Misunderstanding occurs when partners miscommunicate. True misunderstandings occur in the context of loving and caring relationships, but where partners have not employed good communications skills. Misunderstandings occur in nearly all long-term relationships. If misunderstanding does not occur often, and partners have realistic expectations, serious harm is not done to trust. When partners have rigid or unrealistic expectations, or have low capacity for forgiveness, then much greater harm can be done to the trust in the relationship to both partners.
Accidental relationship injuries occur when there is a momentary lapse in judgment. A partner may not recognize the significance of their choices to their partner. Only when a person receives feedback from their partner does it become clear that their decision was unacceptable. In getting to know another person, not every scenario can be predicted and discussed in advance in order to arrive at shared expectations. Unfortunately, we sometimes do not realize where the land mines are buried until you step on one.
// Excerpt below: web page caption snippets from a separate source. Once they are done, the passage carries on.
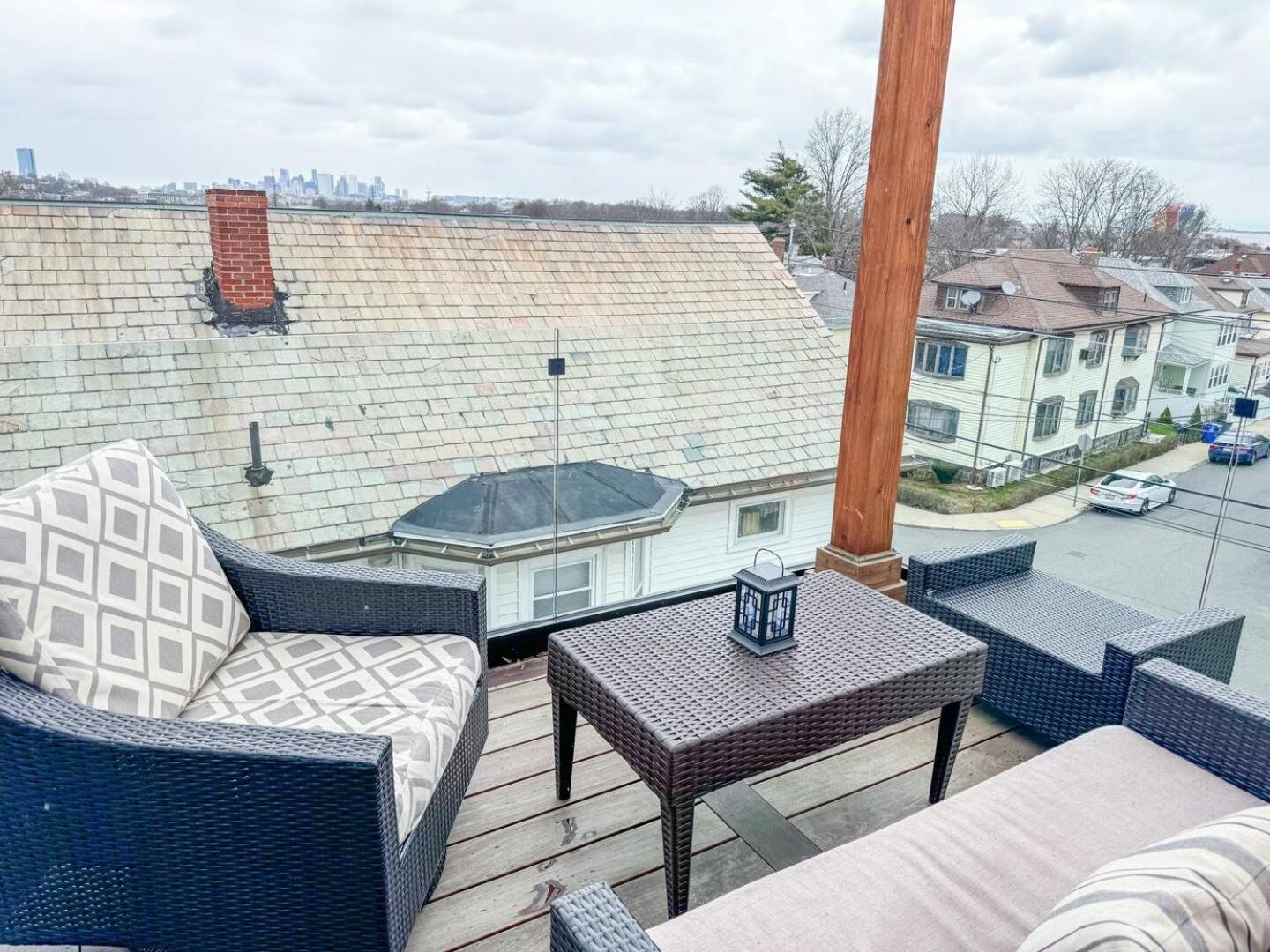 Apartment Renovated 3b, 2ba, Skyline View, Laundry, Cen Air Boston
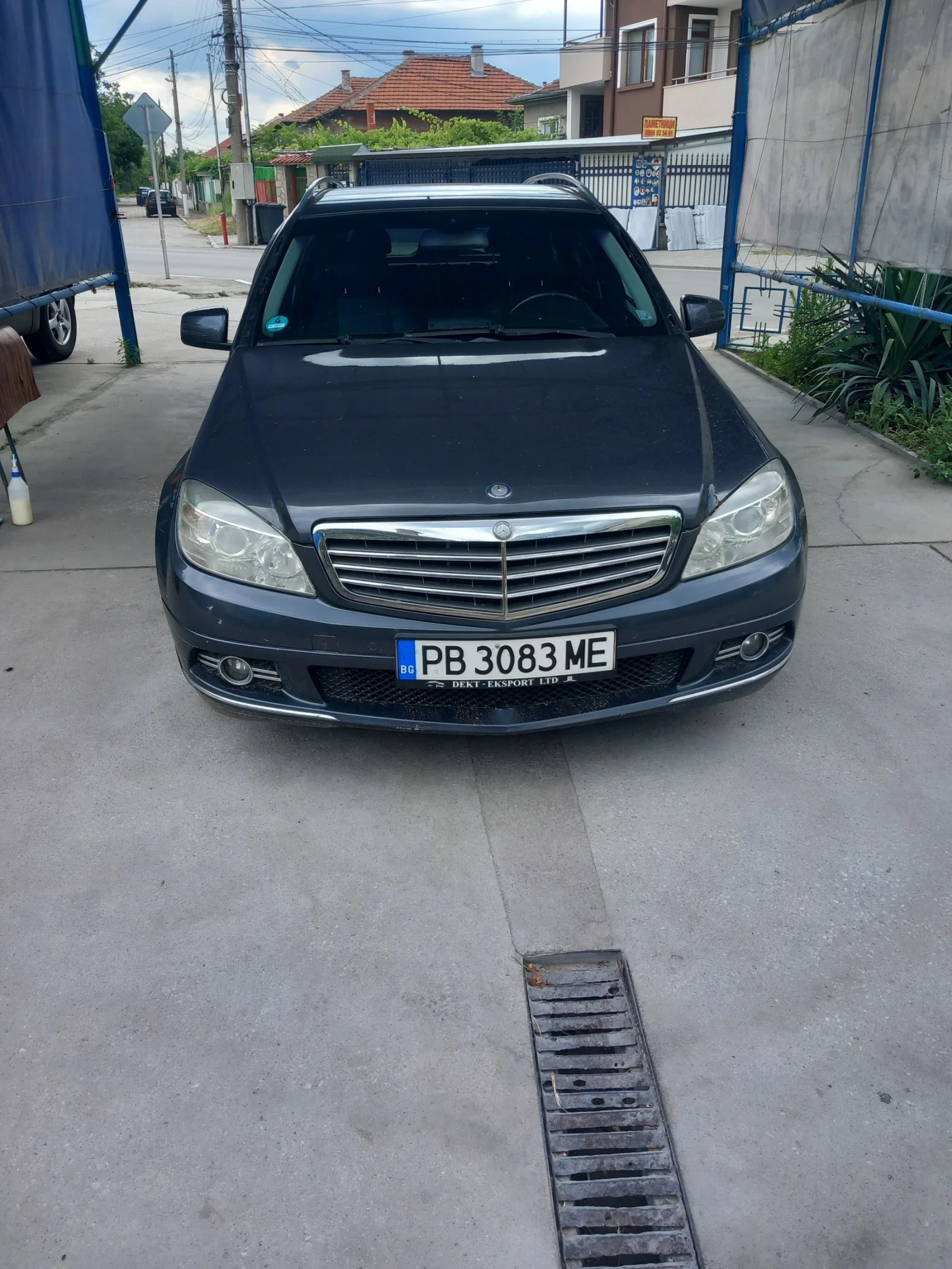 Mercedes-Benz C 220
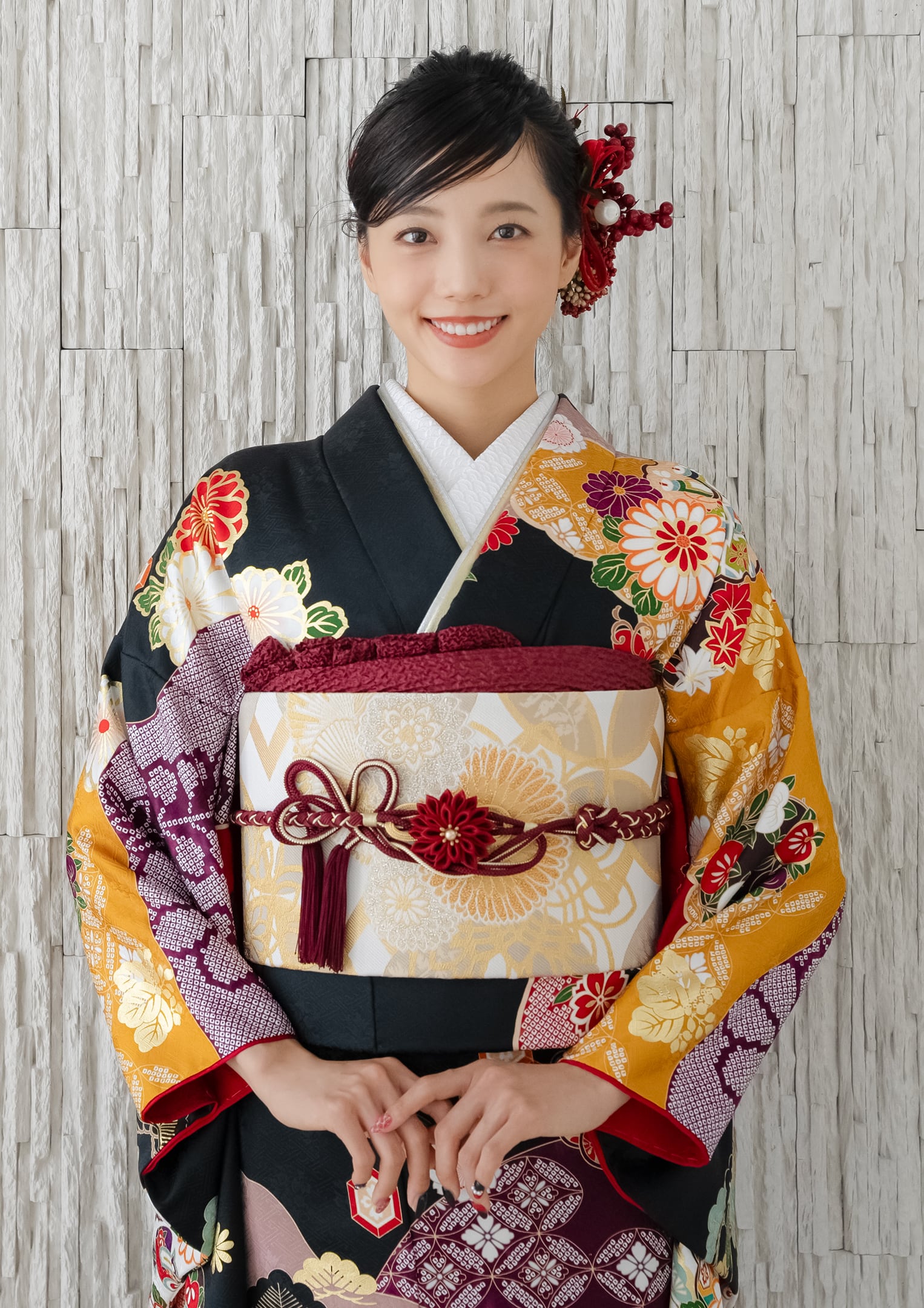 振袖ネットレンタル：古典柄と黒】シックで伝統的/KH-475 – kimono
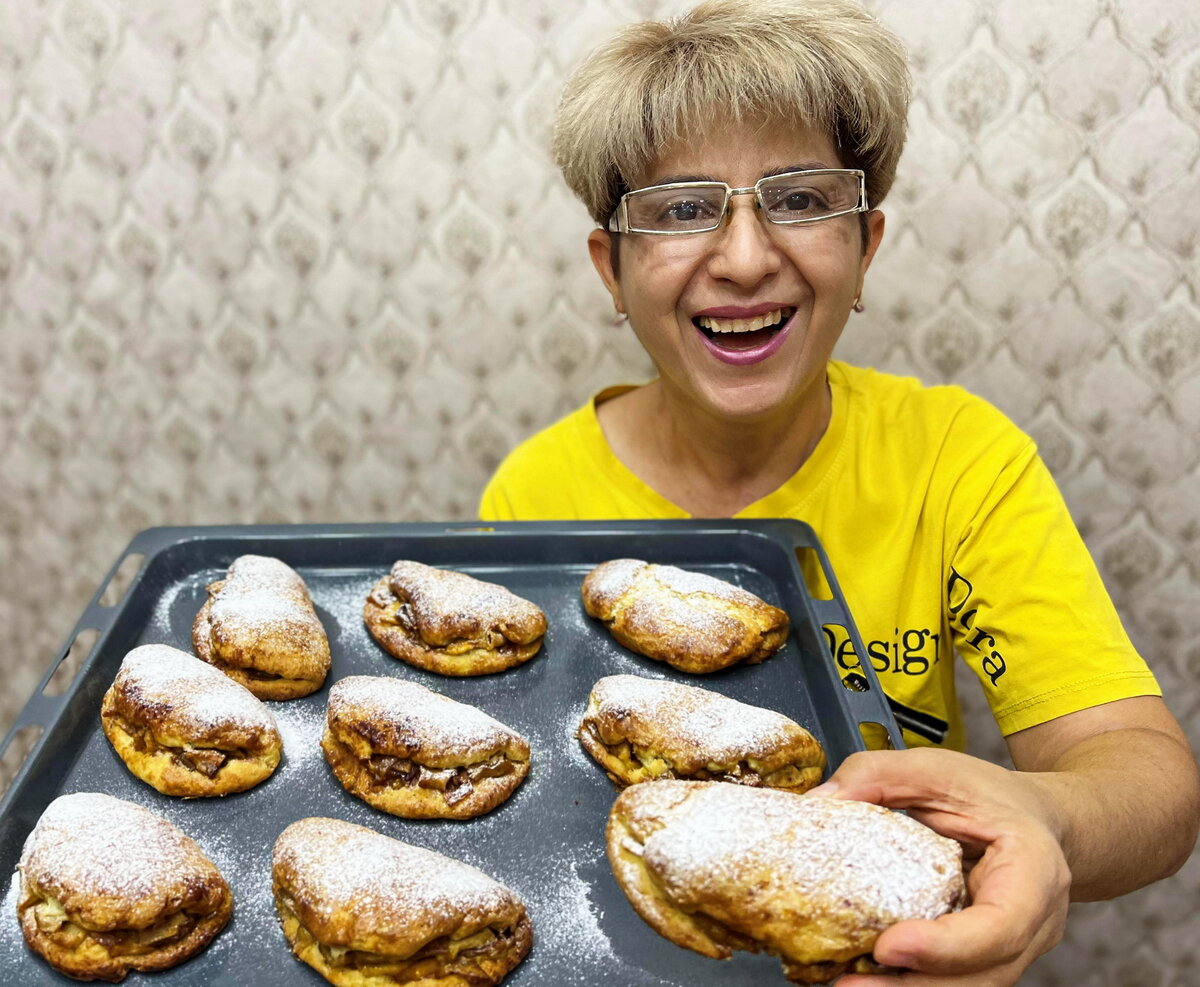 Нежная выпечка с яблоками: как за 12 минут создать кулинарный шедевр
Unrealistic expectations by one partner may cause damage to trust to both parties. A failure to accept legitimate differences, and an expectation that partners should always agree, or should always think alike creates significant distress, and can lead to hostile escalations during disagreements.
Ineffective communication and conflict resolution fails to lower distress, thus resulting in unresolved differences. High levels of such distress over time, even over insignificant issues, erodes trust.
The inability to forgive sustains high levels of relationship anxiety. The difficulty in forgiving may be a result of repeated relationship injury by the current partner, or trauma from past relationships. The difficulty in forgiving may also result from personality variables such as a narcissistic and grandiose sense of self value and perfectionism. In any case, trust cannot exist in long term relationships without the ability to forgive past hurts.